Thermal infrared (IR) sensors are used for many purposes in noncontact temperature measurement, motion control, gas analysis, fire detection, thermal imaging and many other fields like process control, safety and security as well as the health industry . They absorb the incident IR radiation and transform it into a corresponding temperature increase in the sensor element, which in turn is measured by means of temperature-sensitive transducers, e.g., pyroelectric elements, thermopiles or bolometers.

The thermal resolution of a pyroelectric sensor is directly proportional to the absorption of the sensor element so that it should be as high as possible. Absorption layers should be as thin as possible to keep their heat capacity low, which is required for fast and high-responsive thermal IR sensors .

GLAD is a special deposition process for thin films, which belongs to the PVD (physical vapor deposition) processes. It features deposition under grazing incidence with very high deposition angles α of more than 80 and substrate rotation (Robbie1998). By rotating and tilting the substrate around the deposition angle, porous thin films can be deposited whose structure can be influenced in the nanometer range .

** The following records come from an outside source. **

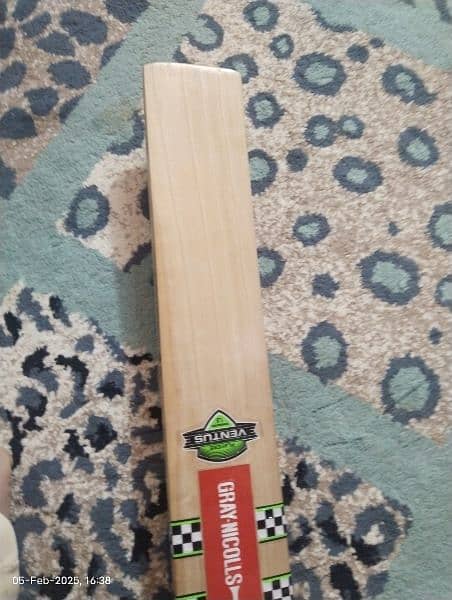 pure English willow bat 3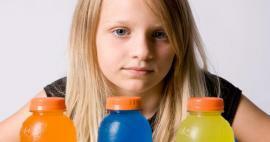 Experts gewaarschuwd! Het drinken van energiedrankjes door kinderen veroorzaakt uitval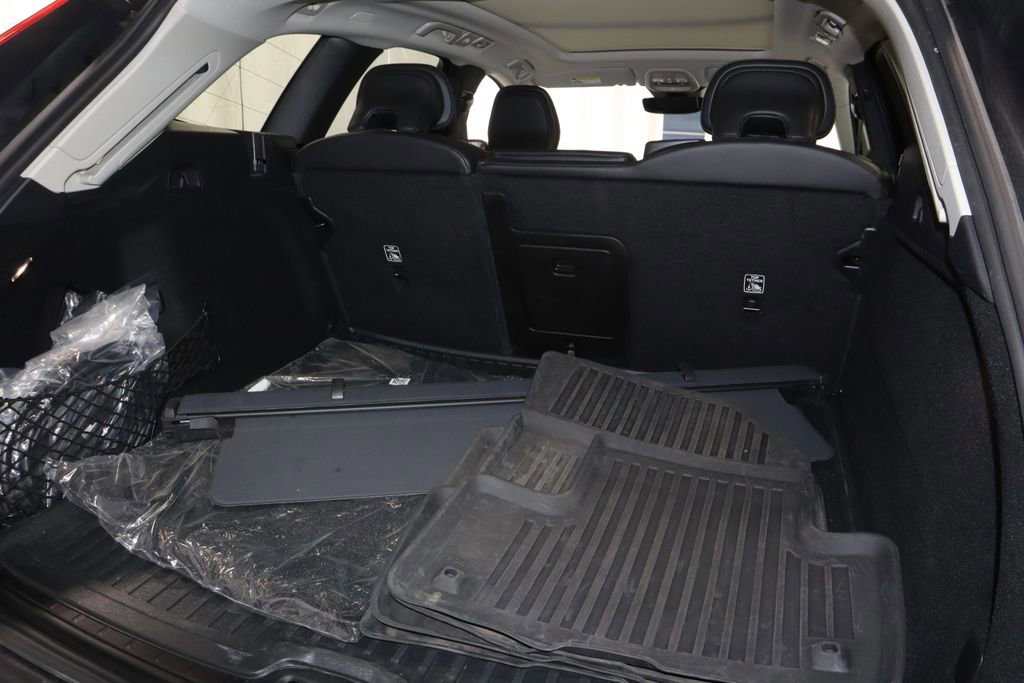 Used 2024 Volvo XC60 T8 Core AWD/4WD image 16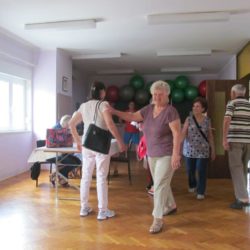 Mjerenje tlaka i šećera u krvi na Grbcima - veliki odaziv građana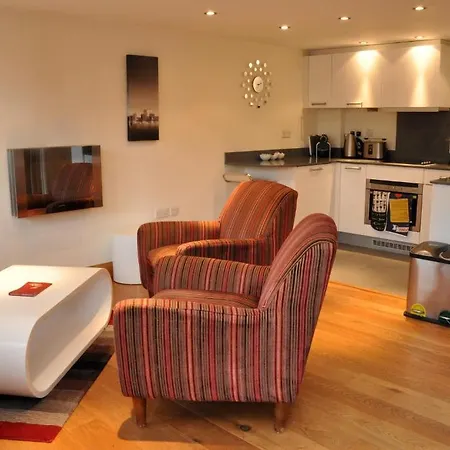 Ashbrook Lets Apartments Blewbury Room photo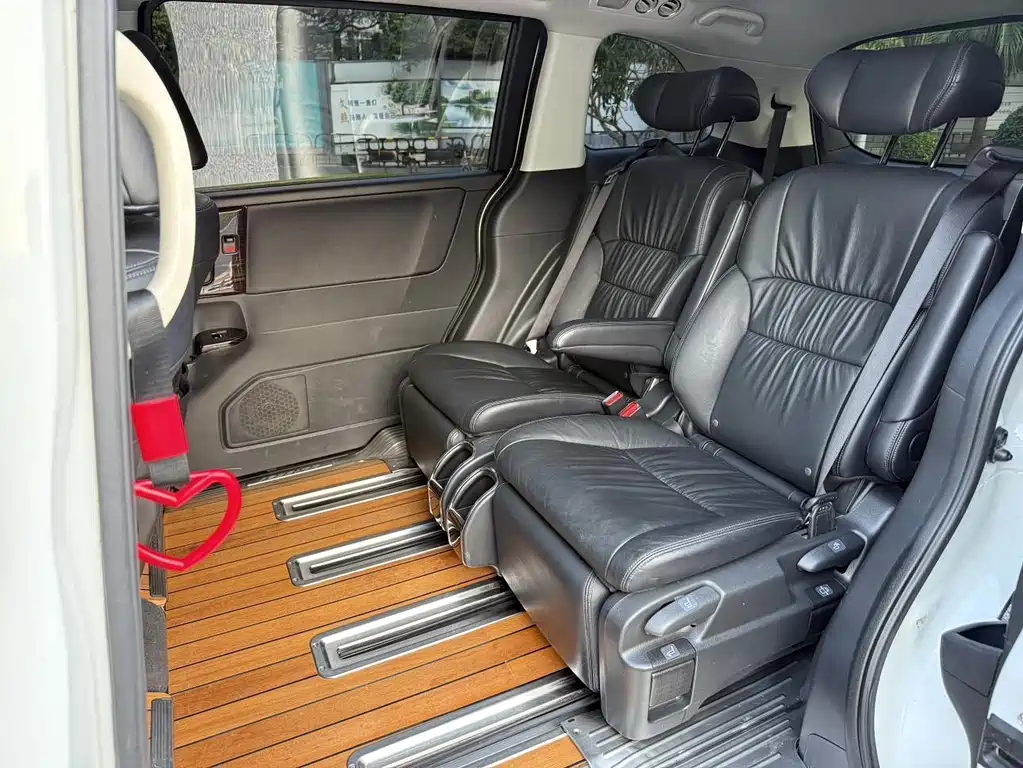 Honda Odyssey 2019 — фото 14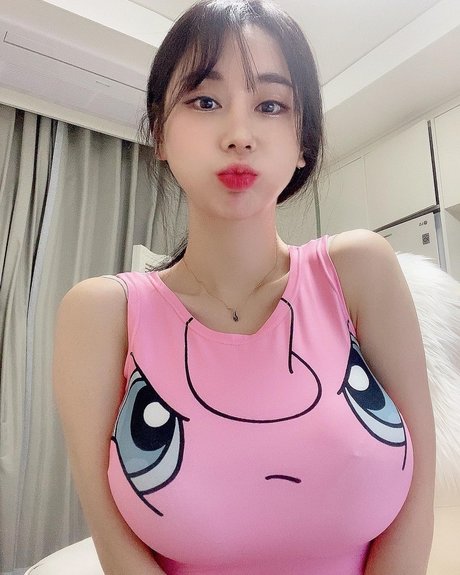 Candyseul pornstar naked images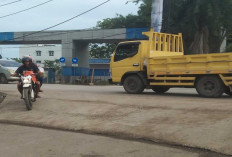 Cor Tanjakan Jalan Randik Sekayu Terkelupas, Pengendara Sepeda Motor Sulit Melintas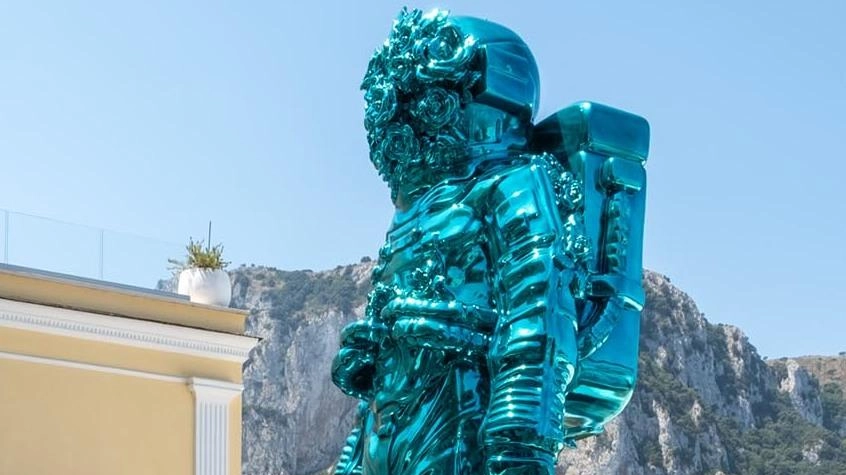 Nella piazza della celebre isola la scultura dell’artista carrarese fa parlare di sé Nella piazza della celebre isola la scultura dell’artista carrarese fa parlare di sé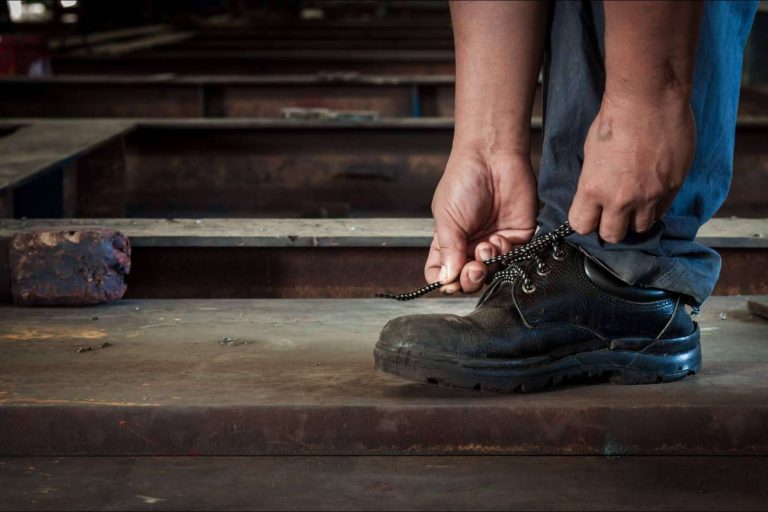 La ropa y el calzado de seguridad es fundamental para proteger a los empleados, por Primo Protección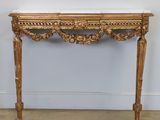 table console ancienne avec un plateau en marbre et un décor à la feuille d'or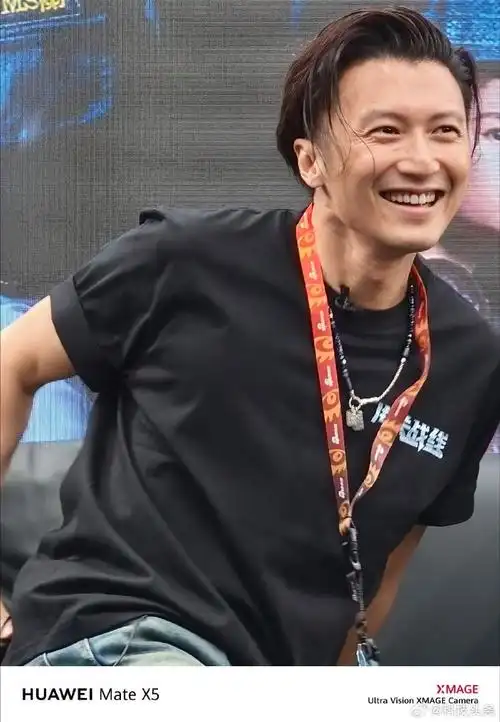 我整这小发型就是学他,帅.#谢霆锋有多能打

In this paper we investigate the influence of the deposition angle, deposition rate and continuous substrate rotation speed on the morphology of thin films, in particular tantalum films. Tantalum is used because it has a volume-specific heat capacity that is 1.5 times lower than that of the often-used nichrome (NiCr). The study focuses on the shape of the deposited tantalum structures, which depends on the ratio of the deposition rate and substrate rotation speed; this is known as growth pitch. Another important parameter of our study is the porosity across the layer thickness, which strongly depends on both the deposition angle and the growth pitch.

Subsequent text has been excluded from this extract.